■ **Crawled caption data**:

■ ■ ■ ■ ■ ■ ■

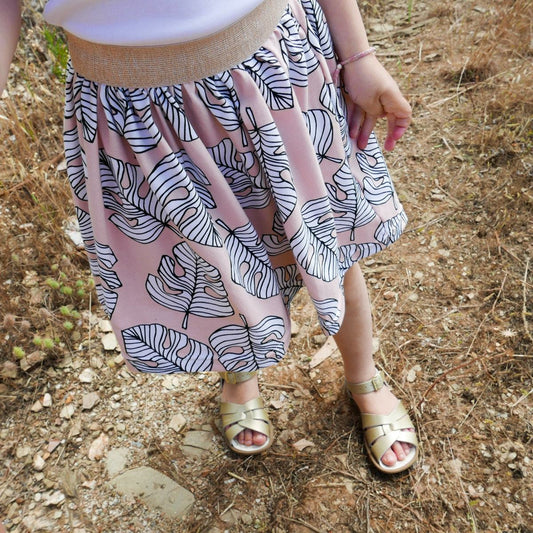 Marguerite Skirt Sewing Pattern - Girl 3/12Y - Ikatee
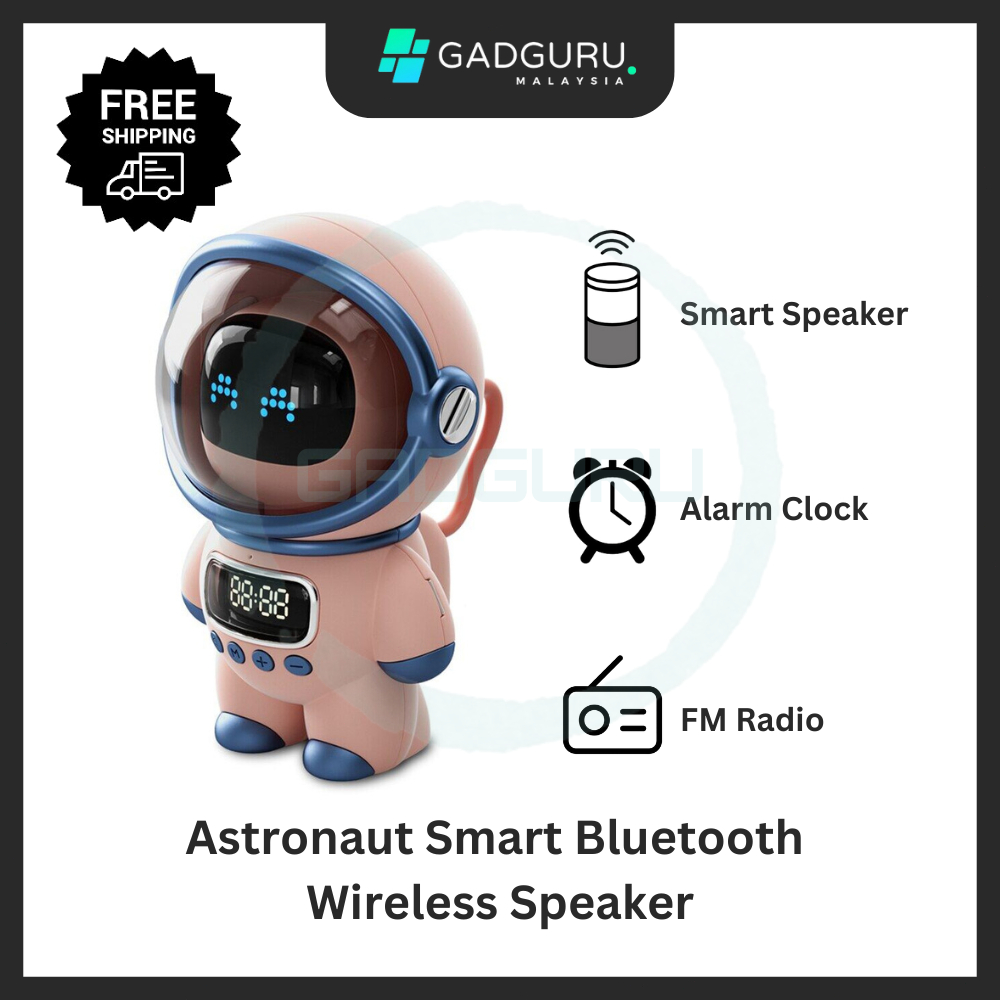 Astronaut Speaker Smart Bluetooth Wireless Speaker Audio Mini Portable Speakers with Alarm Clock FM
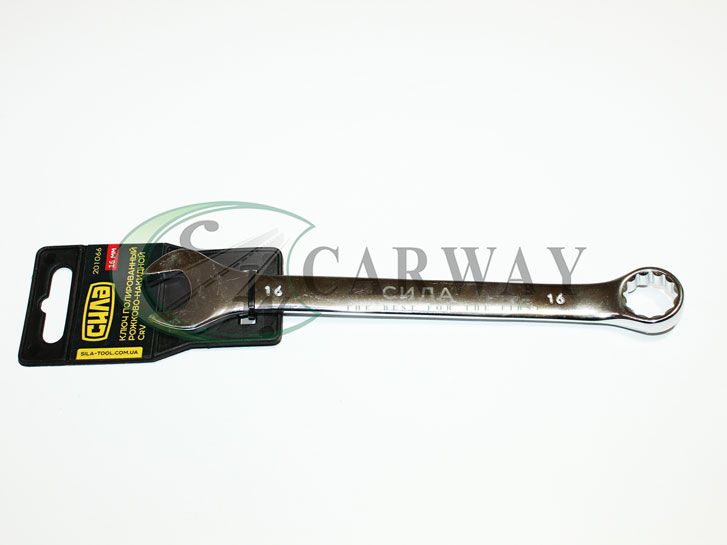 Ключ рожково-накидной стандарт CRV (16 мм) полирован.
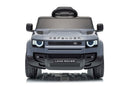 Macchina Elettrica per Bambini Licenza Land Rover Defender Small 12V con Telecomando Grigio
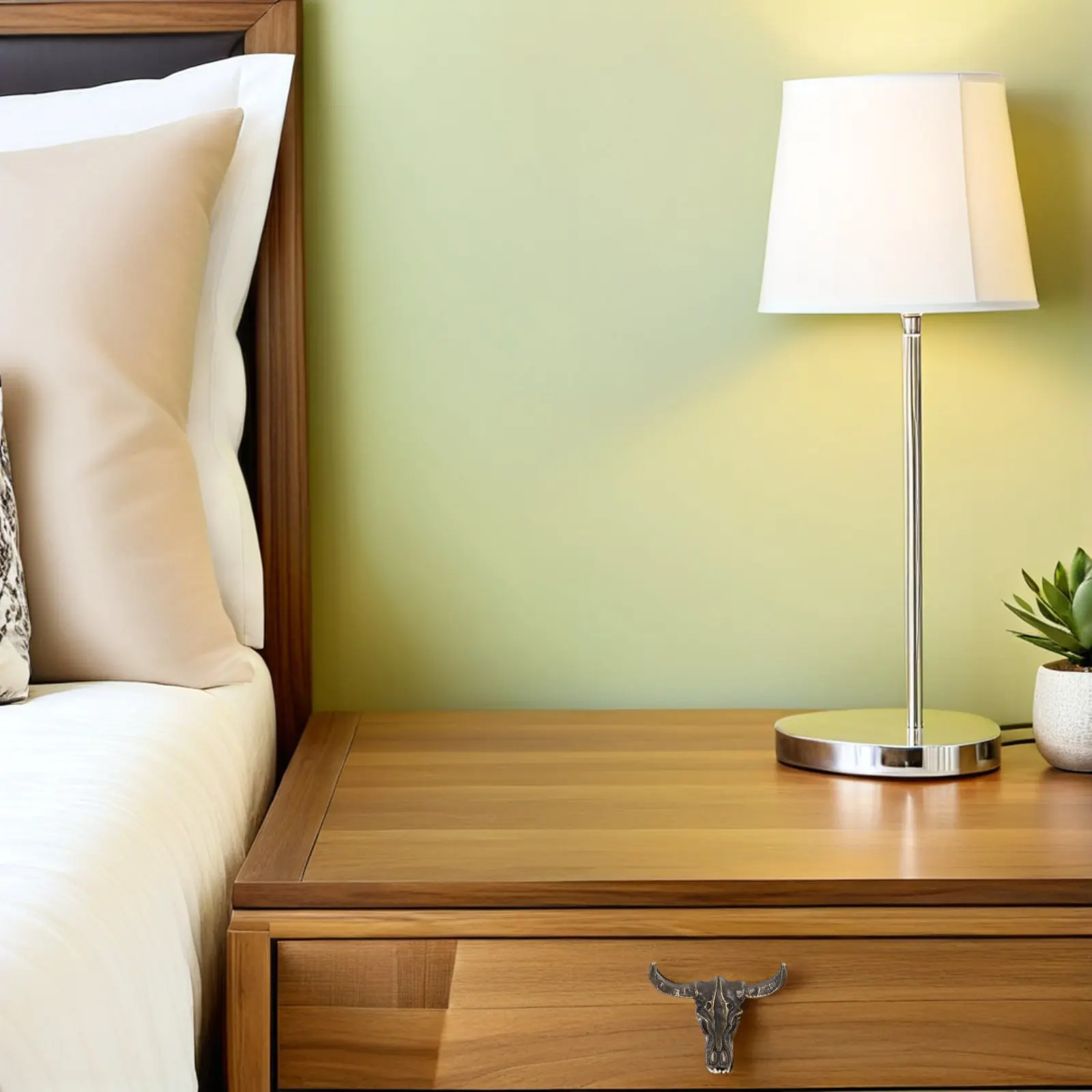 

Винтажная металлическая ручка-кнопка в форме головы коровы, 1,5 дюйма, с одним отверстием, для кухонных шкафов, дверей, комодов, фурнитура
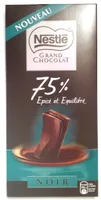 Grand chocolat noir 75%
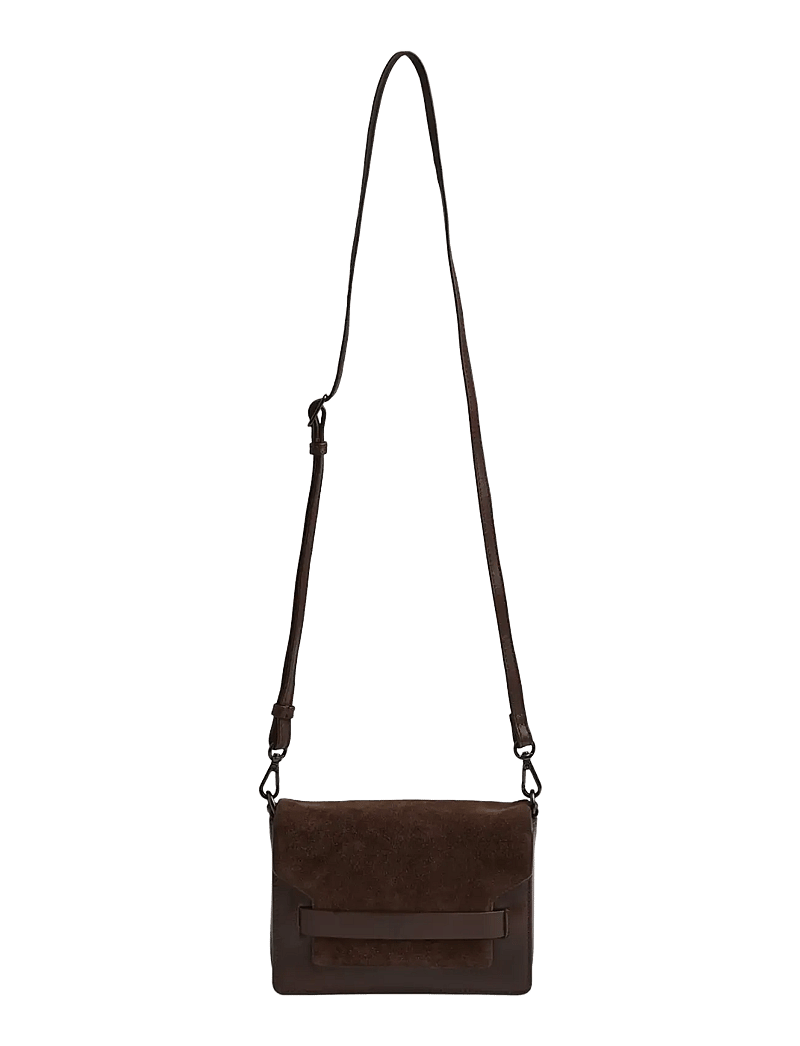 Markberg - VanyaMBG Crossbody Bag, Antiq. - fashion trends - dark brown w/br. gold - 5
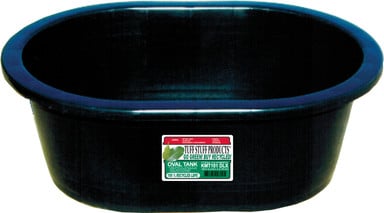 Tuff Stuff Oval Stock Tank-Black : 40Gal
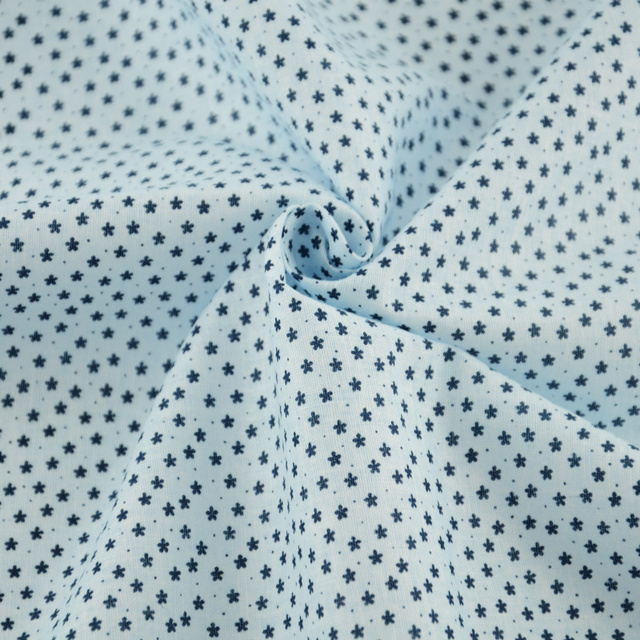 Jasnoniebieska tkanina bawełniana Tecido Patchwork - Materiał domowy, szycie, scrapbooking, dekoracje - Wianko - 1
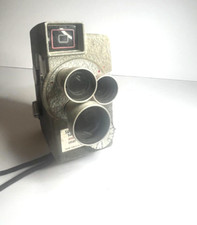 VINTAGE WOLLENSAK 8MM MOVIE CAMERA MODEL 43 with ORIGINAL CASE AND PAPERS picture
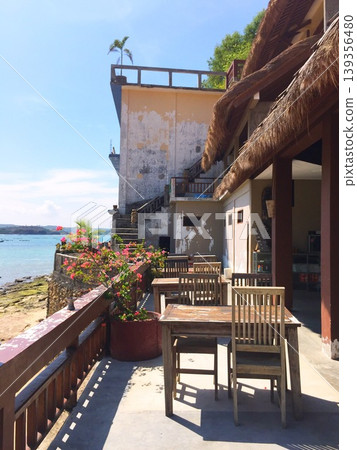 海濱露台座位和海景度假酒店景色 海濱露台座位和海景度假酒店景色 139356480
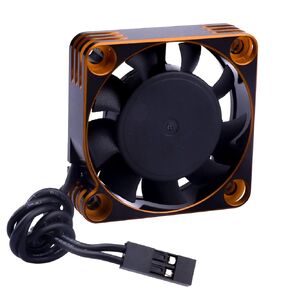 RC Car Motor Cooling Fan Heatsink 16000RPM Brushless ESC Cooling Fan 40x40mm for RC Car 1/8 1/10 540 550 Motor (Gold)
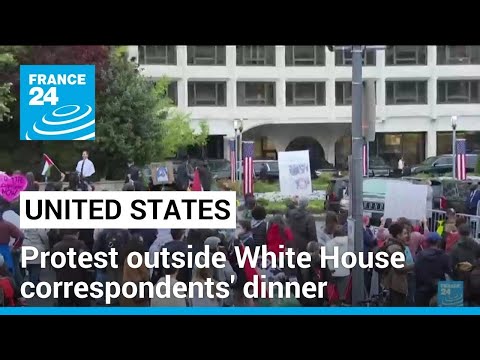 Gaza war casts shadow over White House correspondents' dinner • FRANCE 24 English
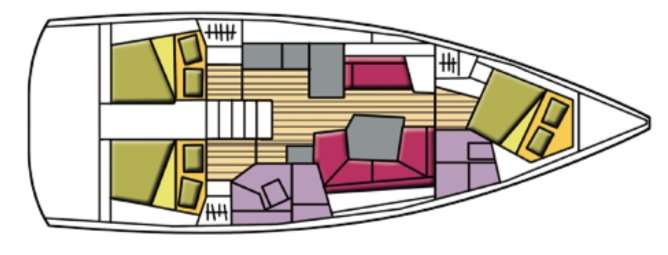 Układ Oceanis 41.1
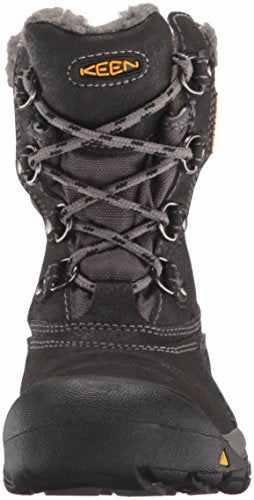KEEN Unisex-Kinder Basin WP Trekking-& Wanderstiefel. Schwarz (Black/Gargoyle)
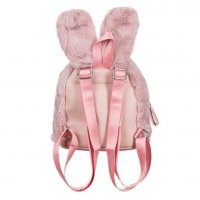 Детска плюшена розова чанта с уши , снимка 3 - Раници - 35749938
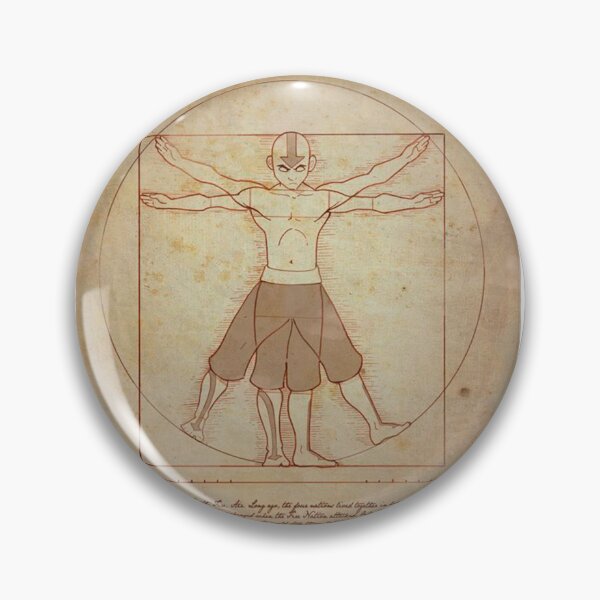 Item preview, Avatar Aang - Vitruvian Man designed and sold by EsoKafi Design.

■ ■ ■ ■ ■ ■ ■

■ **Requirement**: The expected output is every entry above, retyped exactly, with the pictures removed.

■ **Reply to the exercise**:
 Marguerite Skirt Sewing Pattern - Girl 3/12Y - Ikatee
 Astronaut Speaker Smart Bluetooth Wireless Speaker Audio Mini Portable Speakers with Alarm Clock FM
 Ключ рожково-накидной стандарт CRV (16 мм) полирован.
 Macchina Elettrica per Bambini Licenza Land Rover Defender Small 12V con Telecomando Grigio

Винтажная металлическая ручка-кнопка в форме головы коровы, 1,5 дюйма, с одним отверстием, для кухонных шкафов, дверей, комодов, фурнитура
 Grand chocolat noir 75%
 Markberg - VanyaMBG Crossbody Bag, Antiq. - fashion trends - dark brown w/br. gold - 5
 Tuff Stuff Oval Stock Tank-Black : 40Gal
 Jasnoniebieska tkanina bawełniana Tecido Patchwork - Materiał domowy, szycie, scrapbooking, dekoracje - Wianko - 1
 VINTAGE WOLLENSAK 8MM MOVIE CAMERA MODEL 43 with ORIGINAL CASE AND PAPERS picture
 海濱露台座位和海景度假酒店景色 海濱露台座位和海景度假酒店景色 139356480
 RC Car Motor Cooling Fan Heatsink 16000RPM Brushless ESC Cooling Fan 40x40mm for RC Car 1/8 1/10 540 550 Motor (Gold)
 Gaza war casts shadow over White House correspondents' dinner • FRANCE 24 English
 Układ Oceanis 41.1
KEEN Unisex-Kinder Basin WP Trekking-& Wanderstiefel. Schwarz (Black/Gargoyle)
 Детска плюшена розова чанта с уши , снимка 3 - Раници - 35749938
 Item preview, Avatar Aang - Vitruvian Man designed and sold by EsoKafi Design.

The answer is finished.